>>>

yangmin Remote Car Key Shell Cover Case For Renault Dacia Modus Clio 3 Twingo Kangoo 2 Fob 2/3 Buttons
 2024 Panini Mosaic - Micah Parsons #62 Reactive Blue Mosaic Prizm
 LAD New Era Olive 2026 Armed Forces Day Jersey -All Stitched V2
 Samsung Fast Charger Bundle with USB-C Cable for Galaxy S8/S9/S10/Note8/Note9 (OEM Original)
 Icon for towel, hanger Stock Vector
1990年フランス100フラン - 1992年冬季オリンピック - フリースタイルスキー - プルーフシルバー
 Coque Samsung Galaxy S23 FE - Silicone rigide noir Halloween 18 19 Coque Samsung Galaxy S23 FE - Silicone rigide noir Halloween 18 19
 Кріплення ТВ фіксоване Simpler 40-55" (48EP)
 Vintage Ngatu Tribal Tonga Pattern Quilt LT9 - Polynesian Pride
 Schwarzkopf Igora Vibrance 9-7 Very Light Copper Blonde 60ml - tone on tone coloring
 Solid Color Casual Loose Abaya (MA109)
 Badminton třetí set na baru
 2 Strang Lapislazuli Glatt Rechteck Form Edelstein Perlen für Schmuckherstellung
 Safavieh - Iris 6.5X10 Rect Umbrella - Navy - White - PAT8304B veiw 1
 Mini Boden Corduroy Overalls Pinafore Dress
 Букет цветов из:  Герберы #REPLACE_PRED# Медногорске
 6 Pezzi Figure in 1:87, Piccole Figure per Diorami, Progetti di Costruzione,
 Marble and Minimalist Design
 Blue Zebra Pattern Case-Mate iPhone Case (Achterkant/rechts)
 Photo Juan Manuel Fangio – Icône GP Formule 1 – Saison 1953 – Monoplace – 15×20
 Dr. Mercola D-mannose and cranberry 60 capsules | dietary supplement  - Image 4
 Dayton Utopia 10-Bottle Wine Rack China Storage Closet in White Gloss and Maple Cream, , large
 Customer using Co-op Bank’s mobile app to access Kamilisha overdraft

<<<

◆ **Task brief**
Show every line of the records above that contains the word "Pattern".

◆ **Result**
 Vintage Ngatu Tribal Tonga Pattern Quilt LT9 - Polynesian Pride
 Blue Zebra Pattern Case-Mate iPhone Case (Achterkant/rechts)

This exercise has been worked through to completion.